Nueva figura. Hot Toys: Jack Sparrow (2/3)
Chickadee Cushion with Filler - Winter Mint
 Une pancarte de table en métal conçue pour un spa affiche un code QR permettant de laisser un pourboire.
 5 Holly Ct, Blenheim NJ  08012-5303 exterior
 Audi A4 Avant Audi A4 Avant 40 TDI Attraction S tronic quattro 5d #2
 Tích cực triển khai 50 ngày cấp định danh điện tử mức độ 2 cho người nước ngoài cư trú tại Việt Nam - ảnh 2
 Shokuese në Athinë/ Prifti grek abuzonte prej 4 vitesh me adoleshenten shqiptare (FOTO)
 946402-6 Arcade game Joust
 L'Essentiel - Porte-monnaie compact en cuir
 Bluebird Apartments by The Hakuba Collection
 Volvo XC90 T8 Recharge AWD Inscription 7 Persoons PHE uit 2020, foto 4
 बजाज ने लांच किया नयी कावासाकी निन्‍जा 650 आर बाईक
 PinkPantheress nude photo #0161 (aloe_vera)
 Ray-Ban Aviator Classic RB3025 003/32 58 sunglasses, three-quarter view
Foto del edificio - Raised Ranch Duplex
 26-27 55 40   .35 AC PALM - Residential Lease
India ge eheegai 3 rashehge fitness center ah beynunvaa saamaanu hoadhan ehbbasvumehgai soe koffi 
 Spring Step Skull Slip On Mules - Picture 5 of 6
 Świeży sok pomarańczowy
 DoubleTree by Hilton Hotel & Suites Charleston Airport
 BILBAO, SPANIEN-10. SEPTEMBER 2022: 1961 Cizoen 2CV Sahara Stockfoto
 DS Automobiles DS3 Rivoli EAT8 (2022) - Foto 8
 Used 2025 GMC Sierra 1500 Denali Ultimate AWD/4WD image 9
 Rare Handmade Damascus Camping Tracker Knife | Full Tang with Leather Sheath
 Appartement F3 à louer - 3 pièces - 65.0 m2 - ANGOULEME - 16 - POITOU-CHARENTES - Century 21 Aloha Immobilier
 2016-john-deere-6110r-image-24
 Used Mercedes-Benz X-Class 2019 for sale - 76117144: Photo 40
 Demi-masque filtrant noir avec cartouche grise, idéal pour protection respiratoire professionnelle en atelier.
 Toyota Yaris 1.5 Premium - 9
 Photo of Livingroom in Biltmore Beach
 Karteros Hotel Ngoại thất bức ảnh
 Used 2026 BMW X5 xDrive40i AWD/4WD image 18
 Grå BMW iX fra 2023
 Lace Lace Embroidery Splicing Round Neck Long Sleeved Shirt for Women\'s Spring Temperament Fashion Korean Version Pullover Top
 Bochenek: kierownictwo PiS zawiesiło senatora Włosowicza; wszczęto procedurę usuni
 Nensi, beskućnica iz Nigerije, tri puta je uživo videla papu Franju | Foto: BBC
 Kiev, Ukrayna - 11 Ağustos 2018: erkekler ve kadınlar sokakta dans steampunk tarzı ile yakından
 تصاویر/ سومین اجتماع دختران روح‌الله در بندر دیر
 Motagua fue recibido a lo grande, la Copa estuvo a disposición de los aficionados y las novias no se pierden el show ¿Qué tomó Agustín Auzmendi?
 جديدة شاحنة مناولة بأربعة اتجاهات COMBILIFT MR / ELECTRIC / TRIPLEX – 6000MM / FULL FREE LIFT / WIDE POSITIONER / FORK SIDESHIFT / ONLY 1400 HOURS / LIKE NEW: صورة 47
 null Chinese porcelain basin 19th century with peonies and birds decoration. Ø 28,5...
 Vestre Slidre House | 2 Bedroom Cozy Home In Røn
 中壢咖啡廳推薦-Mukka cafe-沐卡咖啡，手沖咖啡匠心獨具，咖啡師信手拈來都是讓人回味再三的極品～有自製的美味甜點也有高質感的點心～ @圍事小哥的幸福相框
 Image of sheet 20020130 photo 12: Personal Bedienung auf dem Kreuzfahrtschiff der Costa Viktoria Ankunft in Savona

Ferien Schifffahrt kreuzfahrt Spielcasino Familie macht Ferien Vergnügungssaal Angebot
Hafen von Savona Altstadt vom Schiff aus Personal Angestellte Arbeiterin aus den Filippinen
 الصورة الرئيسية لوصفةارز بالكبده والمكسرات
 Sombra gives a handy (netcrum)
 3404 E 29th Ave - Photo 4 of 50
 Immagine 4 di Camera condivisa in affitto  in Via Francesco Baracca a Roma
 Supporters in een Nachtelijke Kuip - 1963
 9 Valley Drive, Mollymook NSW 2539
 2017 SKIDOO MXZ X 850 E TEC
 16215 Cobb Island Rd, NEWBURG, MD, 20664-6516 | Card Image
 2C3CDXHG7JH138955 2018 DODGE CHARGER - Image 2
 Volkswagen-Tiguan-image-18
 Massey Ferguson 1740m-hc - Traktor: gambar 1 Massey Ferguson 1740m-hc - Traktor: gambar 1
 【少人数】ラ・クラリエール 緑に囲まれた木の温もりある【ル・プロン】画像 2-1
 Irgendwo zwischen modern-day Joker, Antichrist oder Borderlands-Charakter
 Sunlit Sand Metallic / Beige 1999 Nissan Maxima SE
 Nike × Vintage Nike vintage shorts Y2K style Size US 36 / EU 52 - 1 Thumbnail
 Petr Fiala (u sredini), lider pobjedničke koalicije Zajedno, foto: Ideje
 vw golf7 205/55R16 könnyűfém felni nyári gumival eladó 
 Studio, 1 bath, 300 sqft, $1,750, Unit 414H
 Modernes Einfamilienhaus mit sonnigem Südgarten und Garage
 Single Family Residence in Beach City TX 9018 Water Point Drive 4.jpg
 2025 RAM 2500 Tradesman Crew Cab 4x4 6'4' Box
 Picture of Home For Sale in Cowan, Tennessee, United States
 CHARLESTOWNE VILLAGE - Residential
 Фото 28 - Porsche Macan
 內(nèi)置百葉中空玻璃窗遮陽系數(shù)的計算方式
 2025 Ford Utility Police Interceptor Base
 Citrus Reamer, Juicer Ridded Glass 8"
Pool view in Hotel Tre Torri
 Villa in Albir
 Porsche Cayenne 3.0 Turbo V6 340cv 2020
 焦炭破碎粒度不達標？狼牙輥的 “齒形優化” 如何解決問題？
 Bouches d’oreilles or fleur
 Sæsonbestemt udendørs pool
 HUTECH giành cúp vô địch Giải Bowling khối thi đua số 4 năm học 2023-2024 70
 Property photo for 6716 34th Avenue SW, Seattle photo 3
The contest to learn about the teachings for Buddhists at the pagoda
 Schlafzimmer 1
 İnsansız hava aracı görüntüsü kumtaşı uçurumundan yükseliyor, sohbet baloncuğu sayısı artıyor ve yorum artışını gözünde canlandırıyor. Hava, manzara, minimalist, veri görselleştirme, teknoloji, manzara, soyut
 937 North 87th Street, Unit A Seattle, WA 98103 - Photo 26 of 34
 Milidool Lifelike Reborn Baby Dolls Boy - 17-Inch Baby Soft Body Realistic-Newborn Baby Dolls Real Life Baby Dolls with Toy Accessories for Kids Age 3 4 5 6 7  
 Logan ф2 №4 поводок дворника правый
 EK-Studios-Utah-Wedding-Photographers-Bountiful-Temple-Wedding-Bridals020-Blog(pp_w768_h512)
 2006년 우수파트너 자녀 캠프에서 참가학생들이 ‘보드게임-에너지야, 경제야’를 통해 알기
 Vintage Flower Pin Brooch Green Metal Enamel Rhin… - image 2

——

Task goal:
Copy out the lines of the records above in which the string "Used" appears.

Exercise output:
 Used 2025 GMC Sierra 1500 Denali Ultimate AWD/4WD image 9
 Used Mercedes-Benz X-Class 2019 for sale - 76117144: Photo 40
 Used 2026 BMW X5 xDrive40i AWD/4WD image 18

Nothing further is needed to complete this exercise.